I want to be able to create this easily on the command line with something like xargs (or preferably parallel):
user@host:~/paired$ ls
sampleA_1.txt sampleB_1.txt sampleC_1.txt
sampleA_2.txt sampleB_2.txt sampleC_2.txt
user@host:~/paired$ find . -name "sample*_1.txt" | sed/awk? | parallel ?
program ./sampleA-out ./sampleA_1.txt ./sampleA_2.txt
program ./sampleB-out ./sampleB_1.txt ./sampleB_2.txt
program ./sampleC-out ./sampleC_1.txt ./sampleC_2.txt
Ideally, the command would strip off the _1.txt to create the output directory name (sampleA-out, etc), but I really need to be able to take that argument and change the _1 to a _2 for the second input.
I know this is dead simple with a script - I did this in Perl with a quick regular expression substitution. But I would love to be able to do this with a quick one-liner.
Thanks in advance.
回答1:
I did this in Perl with a quick regular expression substitution. But I would love to be able to do this with a quick one-liner.

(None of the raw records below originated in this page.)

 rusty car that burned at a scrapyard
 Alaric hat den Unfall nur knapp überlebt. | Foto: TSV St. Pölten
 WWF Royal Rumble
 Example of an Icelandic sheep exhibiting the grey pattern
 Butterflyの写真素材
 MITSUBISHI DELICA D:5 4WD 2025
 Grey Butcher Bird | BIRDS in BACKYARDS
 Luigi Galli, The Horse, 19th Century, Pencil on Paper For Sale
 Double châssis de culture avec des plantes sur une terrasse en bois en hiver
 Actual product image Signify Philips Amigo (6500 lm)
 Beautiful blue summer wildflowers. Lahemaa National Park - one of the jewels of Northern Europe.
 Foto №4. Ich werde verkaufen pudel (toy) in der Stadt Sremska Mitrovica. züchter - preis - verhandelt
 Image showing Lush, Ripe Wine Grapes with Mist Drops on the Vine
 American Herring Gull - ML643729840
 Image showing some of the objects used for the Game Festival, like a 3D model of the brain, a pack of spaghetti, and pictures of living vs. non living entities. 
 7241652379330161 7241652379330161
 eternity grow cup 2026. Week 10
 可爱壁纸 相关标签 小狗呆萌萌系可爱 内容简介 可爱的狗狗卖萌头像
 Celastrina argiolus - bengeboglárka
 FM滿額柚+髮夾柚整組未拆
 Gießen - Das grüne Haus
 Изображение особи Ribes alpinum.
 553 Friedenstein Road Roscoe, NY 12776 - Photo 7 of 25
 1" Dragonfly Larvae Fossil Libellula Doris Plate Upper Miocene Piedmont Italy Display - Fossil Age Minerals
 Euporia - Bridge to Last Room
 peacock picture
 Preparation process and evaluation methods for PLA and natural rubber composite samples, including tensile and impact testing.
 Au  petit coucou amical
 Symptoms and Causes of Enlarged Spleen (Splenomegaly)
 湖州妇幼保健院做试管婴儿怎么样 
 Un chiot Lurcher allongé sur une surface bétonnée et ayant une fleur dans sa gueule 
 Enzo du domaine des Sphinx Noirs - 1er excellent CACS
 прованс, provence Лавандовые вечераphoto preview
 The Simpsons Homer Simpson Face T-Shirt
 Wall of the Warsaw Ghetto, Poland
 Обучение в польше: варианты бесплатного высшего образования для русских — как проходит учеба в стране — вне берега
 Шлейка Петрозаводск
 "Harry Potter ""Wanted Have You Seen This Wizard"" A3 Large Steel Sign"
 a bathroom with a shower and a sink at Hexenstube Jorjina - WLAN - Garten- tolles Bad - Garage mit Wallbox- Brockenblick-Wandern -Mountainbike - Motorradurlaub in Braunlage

Perl has one-liners, too, just as sed and awk do. You can write:
find . -name "sample*_1.txt" | perl -pe 's/_1\.txt$//' | parallel program {}-out {}_1.txt {}_2.txt
(The -e flag means "the next argument is the program text"; the -p flag means "the program should be run in loop; for each line of input, set $_ to that line, then run the program, then print $_".)
回答2:
With sed and xargs you could do something like this:
find . -name "sample*_1.txt" | sed -n 's/_1\..*$//;h;s/$/_out/p;g;s/$/_1.txt/p;g;s/$/_2.txt/p' | xargs -L 3 echo program
I.e.: sed creates the three arguments and xargs -L 3 composes commands lines with three arguments.
回答3:
Assuming you always have exactly 2 files in your directory for each pair and assuming they get sorted the right way by find (this you can ensure by piping results of find through sort), maybe xargs -l 2 would do the job. This tells xargs to place 2 consecutive incoming parameters on each command line it executes.
回答4:
A shorter version:
parallel --xapply program {1.}.out {1} {2} :::: <(ls *_1.txt) <(ls *_2.txt)
but this only works if every _1.txt has a matching _2.txt and vice versa.